Mr. Bennet and Colonel Forester are already out tracing the steps of Lydia and Mr. Wickham, with no word yet of any success, while Elizabeth laments that she should not have kept what she learned of Mr. Wickham’s character a secret. But what does it matter when Lydia has been allowed to be idle and amuse herself in such silly ways, searching for love and affection from anyone who will give her attention?
Now the town of Meryton has nothing good to say of Wickham, alleging him to be in debt, and Colonel Forester believes more than a thousand pounds is required to cover his obligations at Brighton; it is discovered that he was involved in gaming. Meanwhile, a letter from Mr. Collins arrives addressed to Mr. Bennet, although read by Jane and Elizabeth, that he has shared this matter with Lady Catherine and her daughter, and they agree that this disastrous affair involving Lydia will be detrimental to future fortunes of the other Bennet girls. Finally, Mr. Bennet returns home unsuccessful and is content to take the blame for all this folly.

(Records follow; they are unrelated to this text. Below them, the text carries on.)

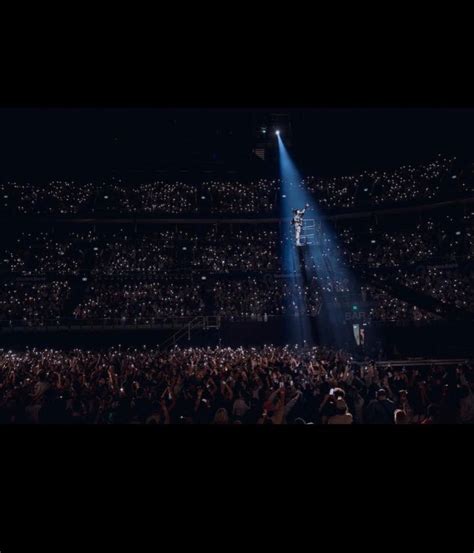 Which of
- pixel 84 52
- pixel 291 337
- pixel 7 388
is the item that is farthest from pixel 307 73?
pixel 291 337

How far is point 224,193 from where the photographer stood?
32531 millimetres

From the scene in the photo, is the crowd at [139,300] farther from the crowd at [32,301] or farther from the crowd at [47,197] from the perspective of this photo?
the crowd at [47,197]

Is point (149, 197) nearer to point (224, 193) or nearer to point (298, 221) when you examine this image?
point (224, 193)

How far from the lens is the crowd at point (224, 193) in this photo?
97.7ft

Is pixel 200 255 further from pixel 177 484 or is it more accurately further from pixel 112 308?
pixel 177 484

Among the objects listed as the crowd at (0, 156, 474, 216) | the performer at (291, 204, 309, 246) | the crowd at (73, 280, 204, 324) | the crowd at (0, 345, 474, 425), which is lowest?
the crowd at (0, 345, 474, 425)

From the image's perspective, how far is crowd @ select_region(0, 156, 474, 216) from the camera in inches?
1172

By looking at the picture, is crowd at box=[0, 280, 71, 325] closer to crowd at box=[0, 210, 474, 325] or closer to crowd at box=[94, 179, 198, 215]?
crowd at box=[0, 210, 474, 325]

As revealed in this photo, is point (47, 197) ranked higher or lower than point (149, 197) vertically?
higher

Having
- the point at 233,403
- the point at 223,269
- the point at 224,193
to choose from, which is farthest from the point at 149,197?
the point at 233,403

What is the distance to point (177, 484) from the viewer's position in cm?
363

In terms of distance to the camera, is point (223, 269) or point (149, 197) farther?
point (149, 197)

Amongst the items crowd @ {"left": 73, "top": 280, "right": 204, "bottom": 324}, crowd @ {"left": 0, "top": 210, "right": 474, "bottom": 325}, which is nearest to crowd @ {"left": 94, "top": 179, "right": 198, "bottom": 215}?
crowd @ {"left": 0, "top": 210, "right": 474, "bottom": 325}

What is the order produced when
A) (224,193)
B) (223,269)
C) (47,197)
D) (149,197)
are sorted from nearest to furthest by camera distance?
(223,269)
(47,197)
(149,197)
(224,193) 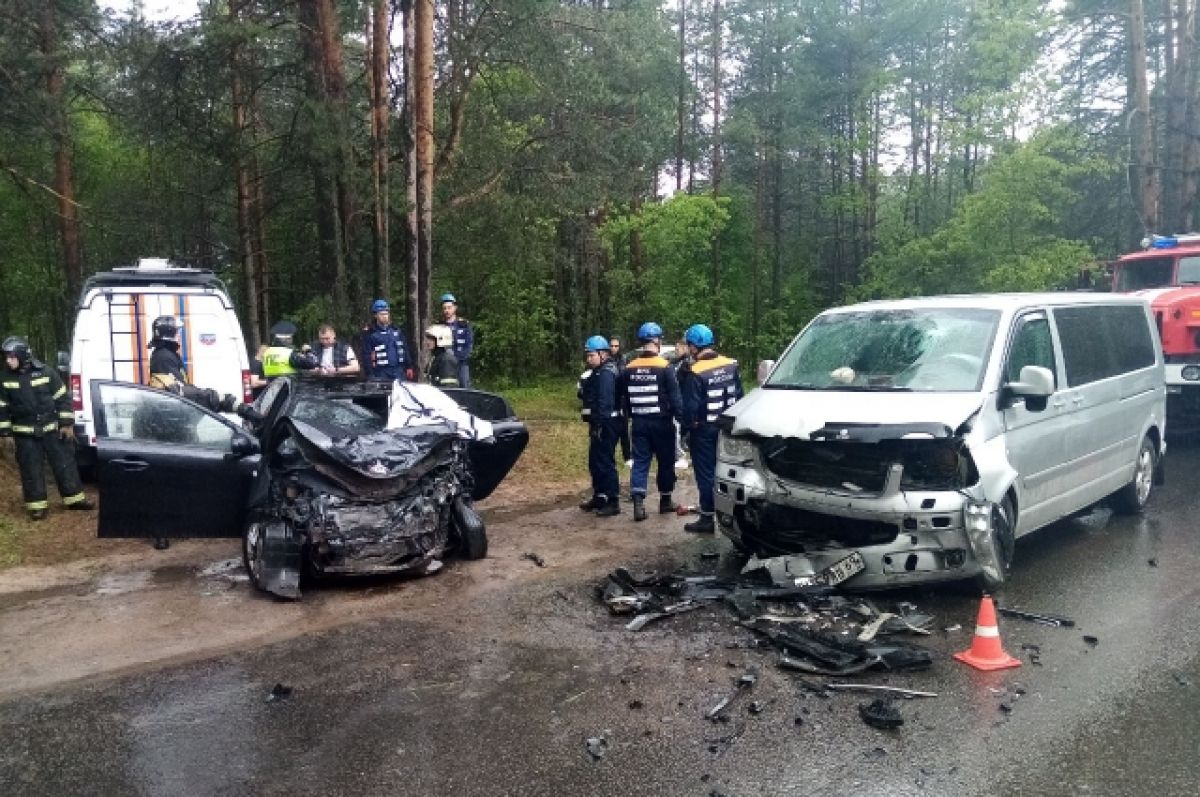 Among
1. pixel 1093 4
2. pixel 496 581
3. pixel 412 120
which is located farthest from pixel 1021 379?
pixel 1093 4

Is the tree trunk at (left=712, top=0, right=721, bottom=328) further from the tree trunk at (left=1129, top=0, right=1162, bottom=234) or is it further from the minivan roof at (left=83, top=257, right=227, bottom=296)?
the minivan roof at (left=83, top=257, right=227, bottom=296)

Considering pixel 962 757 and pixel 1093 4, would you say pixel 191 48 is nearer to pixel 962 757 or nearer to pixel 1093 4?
pixel 962 757

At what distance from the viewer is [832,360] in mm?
6973

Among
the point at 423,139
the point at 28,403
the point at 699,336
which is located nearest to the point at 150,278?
the point at 28,403

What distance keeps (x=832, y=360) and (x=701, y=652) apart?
9.08 feet

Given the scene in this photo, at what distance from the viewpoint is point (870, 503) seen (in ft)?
18.6

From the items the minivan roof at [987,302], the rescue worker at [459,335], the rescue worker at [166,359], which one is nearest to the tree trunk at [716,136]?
the rescue worker at [459,335]

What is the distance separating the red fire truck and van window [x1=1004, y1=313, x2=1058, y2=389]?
4.64m

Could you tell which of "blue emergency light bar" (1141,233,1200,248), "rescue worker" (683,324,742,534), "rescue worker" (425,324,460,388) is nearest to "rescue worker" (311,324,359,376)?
"rescue worker" (425,324,460,388)

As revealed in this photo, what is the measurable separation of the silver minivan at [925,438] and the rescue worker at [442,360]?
589 centimetres

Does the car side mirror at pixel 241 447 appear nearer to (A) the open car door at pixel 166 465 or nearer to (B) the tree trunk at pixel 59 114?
(A) the open car door at pixel 166 465

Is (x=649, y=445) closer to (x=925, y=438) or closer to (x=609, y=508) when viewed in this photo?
(x=609, y=508)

Another letter arrives, this time to Mr. Bennet from his brother-in-law, Mr. Gardiner, and he has found the pair in London and has taken Lydia into his care. The two have not been married, but Wickham has agreed to do so, and the circumstances regarding his debts are not as they were supposed. Then it is considered that Mr. Gardiner must have paid his debts for him, and Elizabeth and Jane are astounded and grateful to him. Elizabeth reflects on the truth of their marriage,
“How strange this is! And for this we are to be thankful. That they should marry, small as is their chance of happiness, and wretched as is his character, we are forced to rejoice!”